(EXERCISE INSTRUCTIONS) In the data below, find the line with "atores, cara, sean" and the line with "Used 2025 GMC", then restate both and every line between them exactly, minus the pictures.

(SUPPLIED RECORDS)

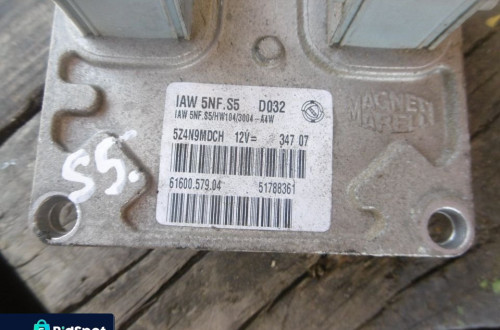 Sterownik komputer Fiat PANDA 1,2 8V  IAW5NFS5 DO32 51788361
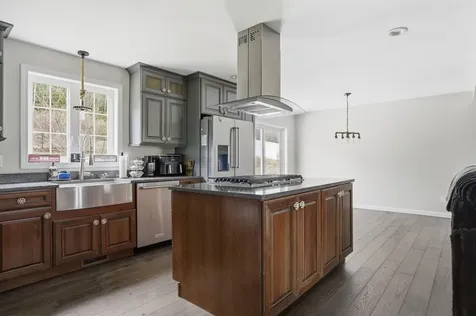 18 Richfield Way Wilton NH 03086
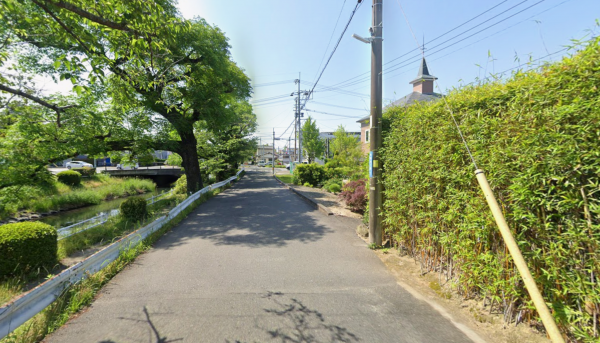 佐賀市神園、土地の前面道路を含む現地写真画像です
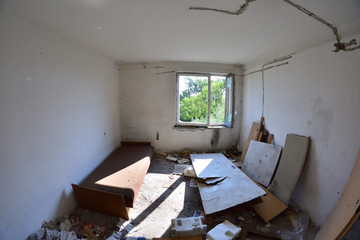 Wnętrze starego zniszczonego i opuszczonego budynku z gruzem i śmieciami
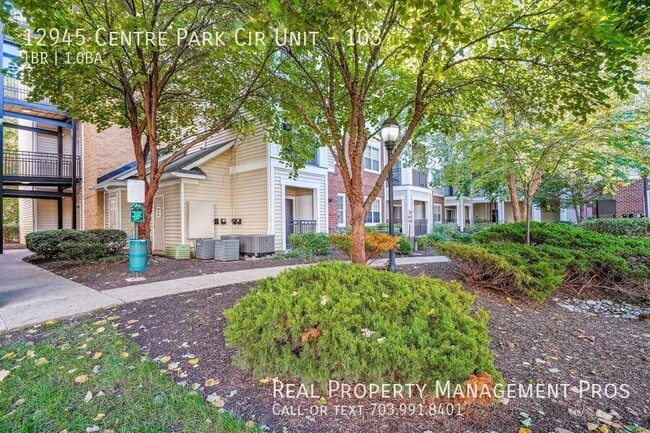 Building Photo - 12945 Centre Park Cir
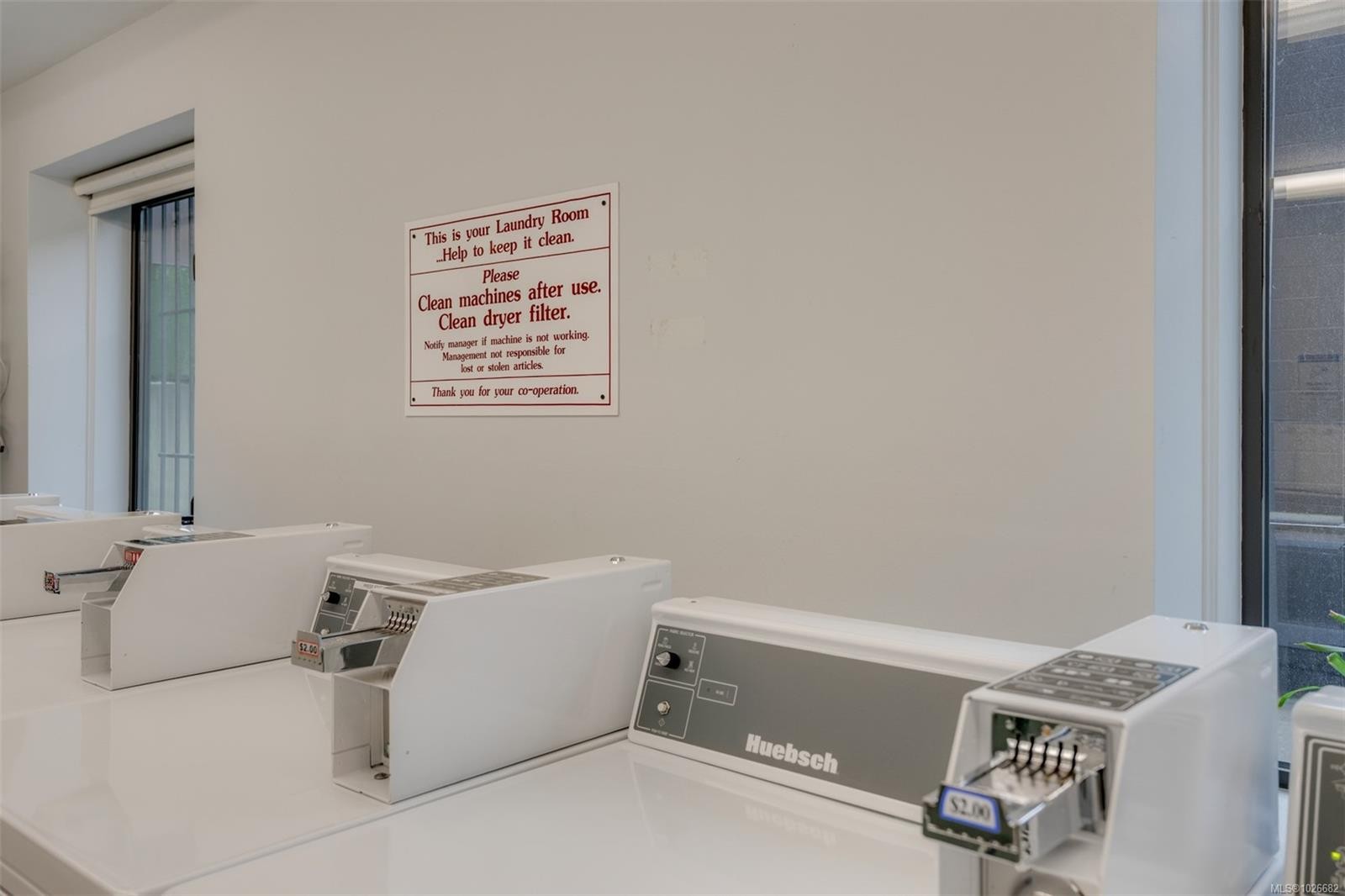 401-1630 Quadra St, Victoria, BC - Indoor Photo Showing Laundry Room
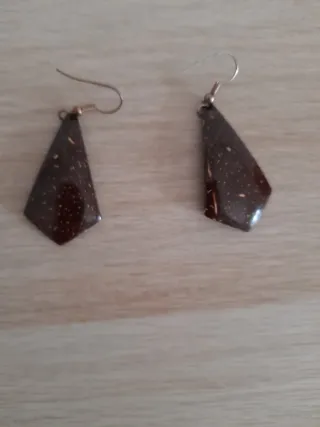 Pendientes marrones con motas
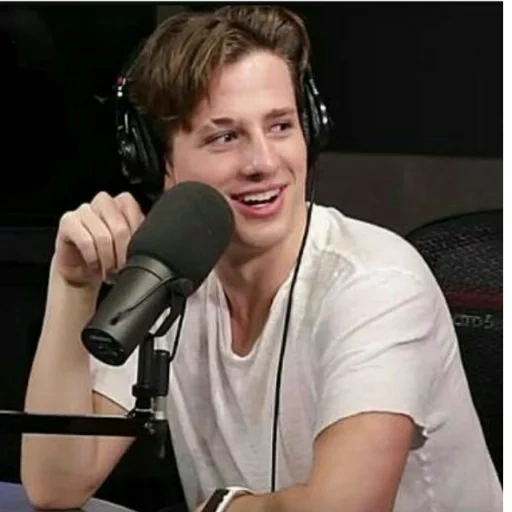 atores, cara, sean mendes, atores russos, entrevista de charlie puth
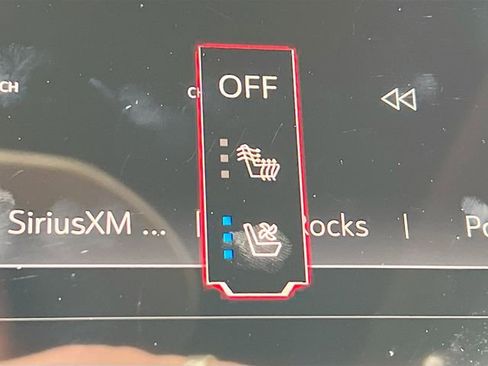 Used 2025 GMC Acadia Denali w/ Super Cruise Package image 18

...

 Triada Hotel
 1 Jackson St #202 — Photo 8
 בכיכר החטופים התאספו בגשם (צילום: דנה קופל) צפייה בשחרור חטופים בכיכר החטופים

--

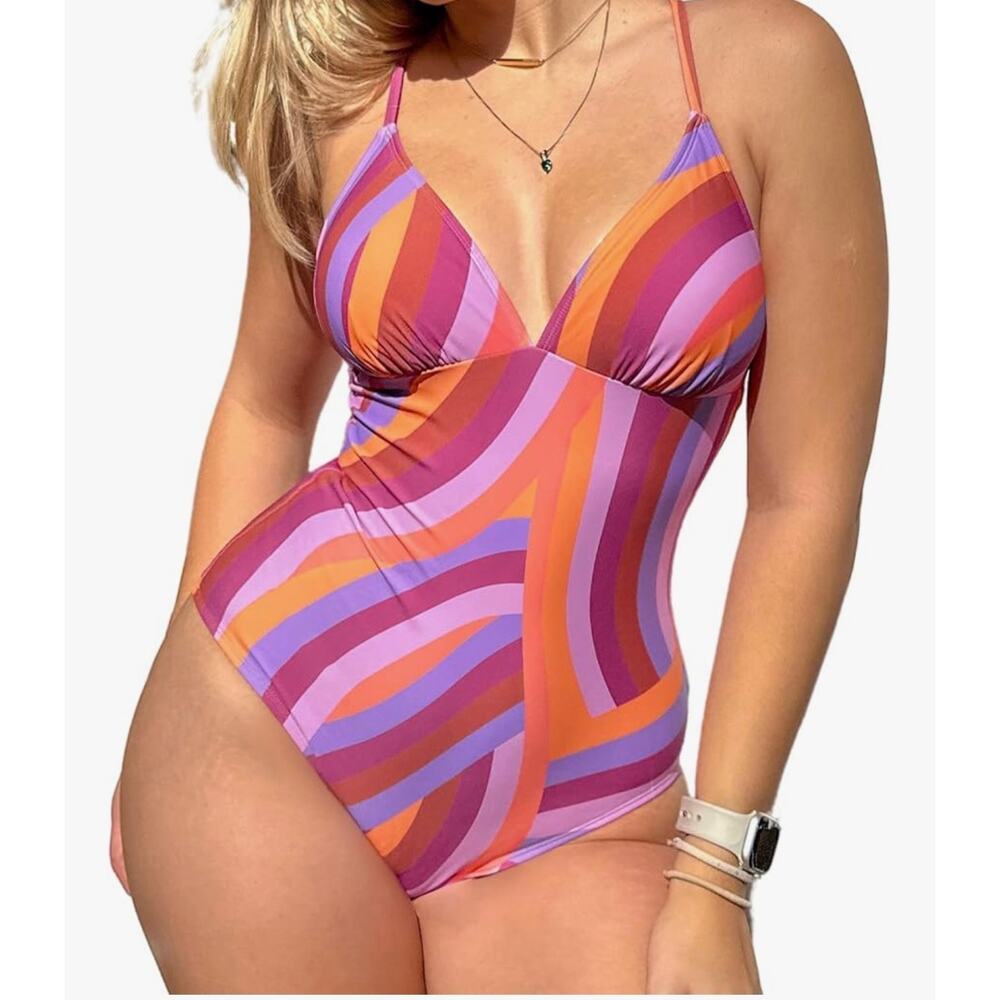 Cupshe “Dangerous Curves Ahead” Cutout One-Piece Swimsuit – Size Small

(RESPONSE TO THE EXERCISE)
 atores, cara, sean mendes, atores russos, entrevista de charlie puth
 Used 2025 GMC Acadia Denali w/ Super Cruise Package image 18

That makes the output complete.